◆ TASK DIRECTIONS:
Your answer must be the line containing "Greetings and welcome" and each following line to the end of the listing below, copied exactly, with pictures removed and nothing added.

◆ DATA SHOWN:

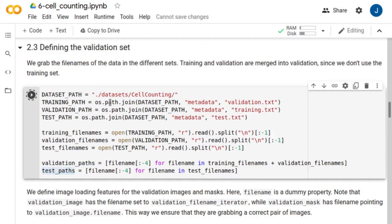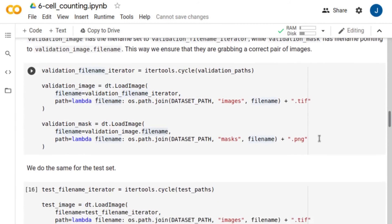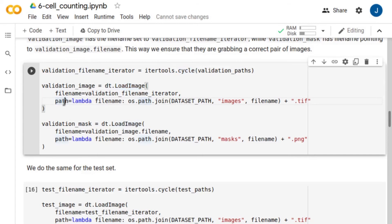Then, we will evaluate the trained model using the test set. Next, we define a cyclic iterator to iterate over the validation files. To read the images, we use the loadImage feature. The input to this method is the path to the image to load. Note that the path to the validation cell images has the filename set to the iterator we defined.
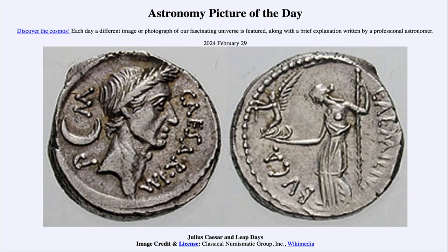Greetings and welcome to the Astronomy Picture of the Day podcast. Today's picture for February 29th of 2024 is titled Julius Caesar and Leap Days.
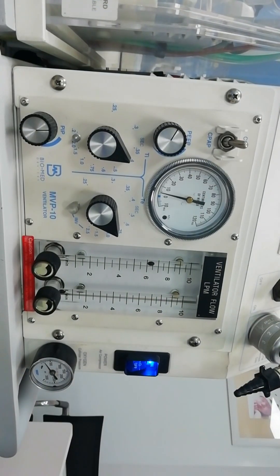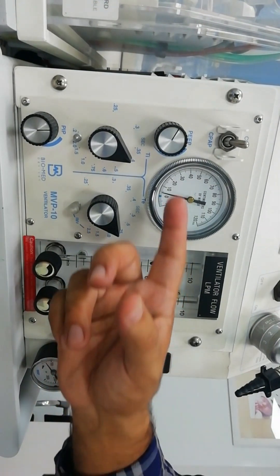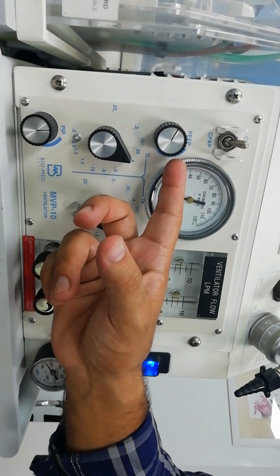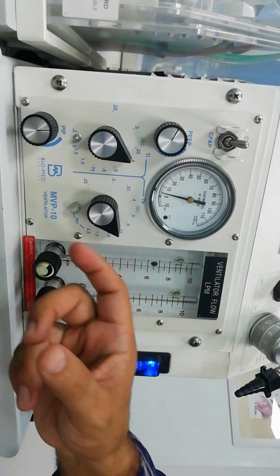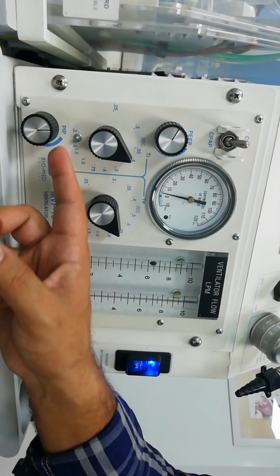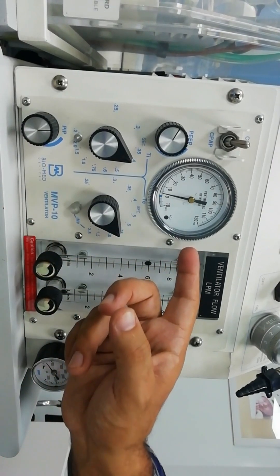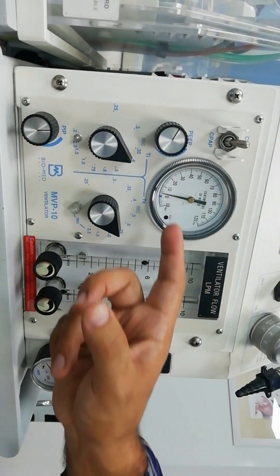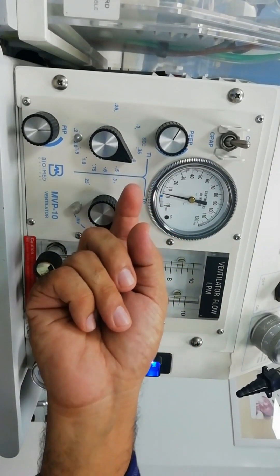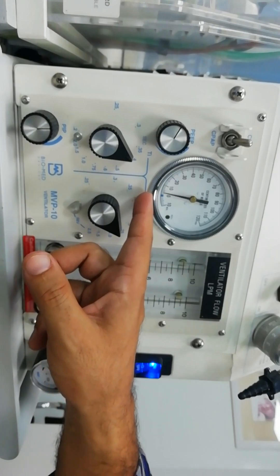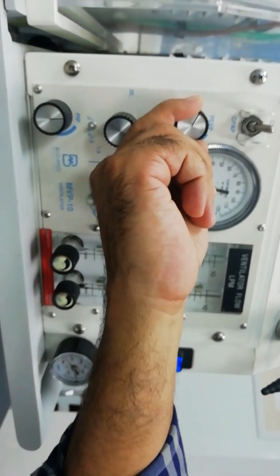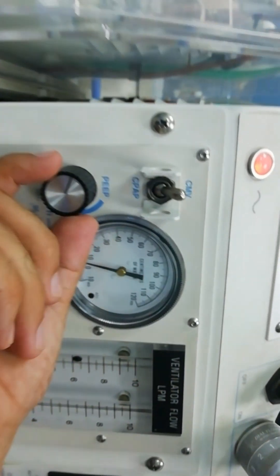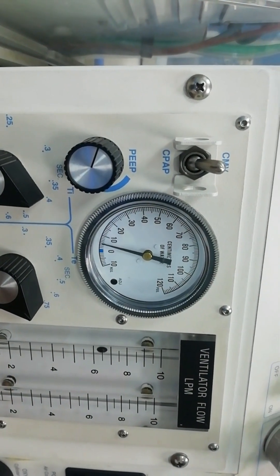For controlling the controlled mechanical ventilation mode we have to set two parameters. One is the positive end-expiratory pressure or the PEEP, and the peak inspiratory pressure or the PIP. So you can see we have the pressure gauge and we can see the PEEP is set around three. So we can increase the PEEP to the desired. Usually we keep it at five or four depending upon whether the patient is preterm or term.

◆ SOLUTION FOR THIS PROBLEM:
Greetings and welcome to the Astronomy Picture of the Day podcast. Today's picture for February 29th of 2024 is titled Julius Caesar and Leap Days.
For controlling the controlled mechanical ventilation mode we have to set two parameters. One is the positive end-expiratory pressure or the PEEP, and the peak inspiratory pressure or the PIP. So you can see we have the pressure gauge and we can see the PEEP is set around three. So we can increase the PEEP to the desired. Usually we keep it at five or four depending upon whether the patient is preterm or term.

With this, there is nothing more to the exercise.